In particular, I had a lot of trouble maintaining my sense of self in different environments. In work, I was really outspoken and confident. With my friends I was funny and entertaining, but with my family, I was quiet and barely talked at all. Therapy has helped me rediscover the cornerstone of who I am so that I don’t feel like I’m five different people and scattered in a million directions. It has helped to ground me and to feel like I’m myself even when I’m anxious.

If you’ve started therapy, good for you. I hope it’s going well and you’ve found a therapist who helps you meet your goals and who you have a good connection with. If you haven’t started therapy yet but want to, then that’s awesome. Go you. You can look on Psychology Today as a starting point. If you’re in NYC, you can message me privately as I know a few awesome therapists and would be glad to put you in touch with them.

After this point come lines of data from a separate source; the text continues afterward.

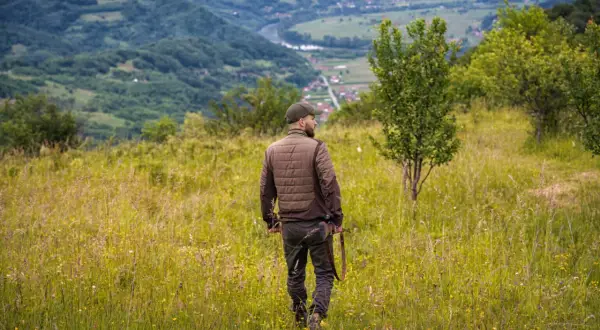 Uomo con fucile attraversa prati fioriti, godendosi la vista dei passi di montagna e della valle sottostante.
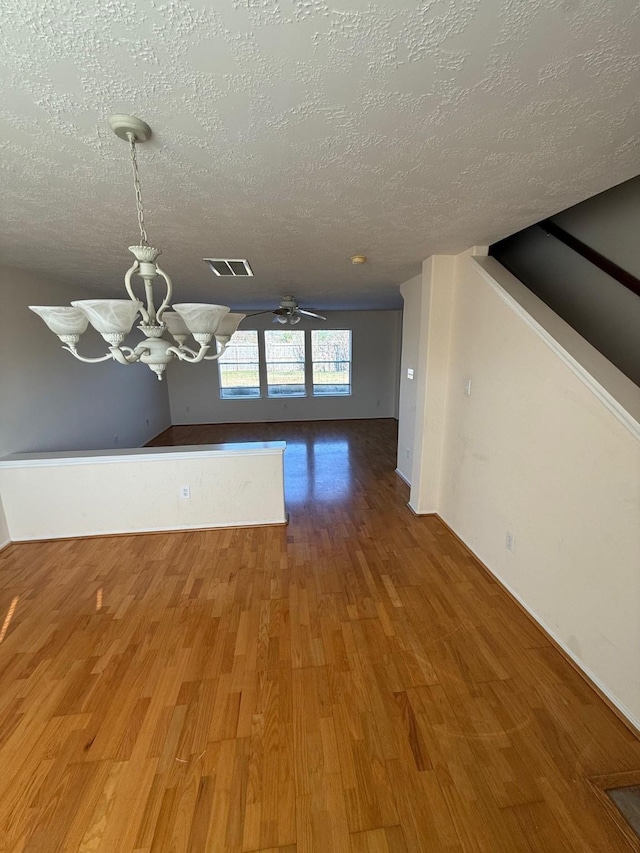 unfurnished dining area with wood-type flooring, ceiling fan with notable chandelier, and a textured ceiling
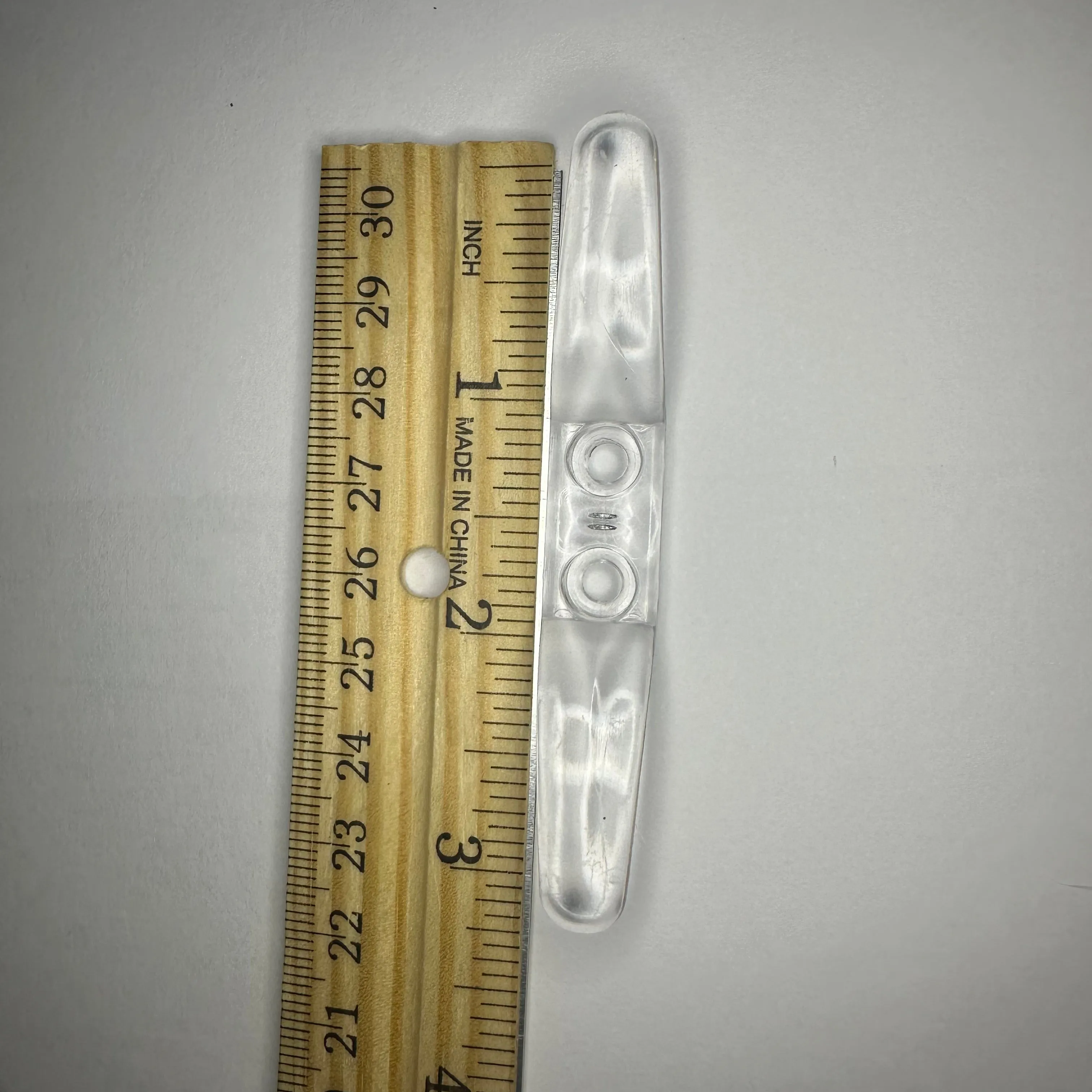 3-1/8" Clear Lucite Cord Cleat (10 Per Bag)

If you feel like something is wrong but you’re not really sure what it is and you’re not really sure you want to go to therapy, that’s OK too. I encourage you to go. I know without a doubt my relationship would not be as joyful, fulfilling and resilient as it is without the work I’ve done in therapy (and also my boyfriend’s magical, unicorn presence). I wouldn’t be as close with my family, and honestly, I wouldn’t be happy.

I’ve learned to manage and accept all of my emotions, not just the good ones.  I’ve learned not to think poorly of myself when I’m not happy. Please, consider therapy if you are at all feeling like something is off. It make take some time and you may have to meet with more than one person to find the right fit, but it can change your life.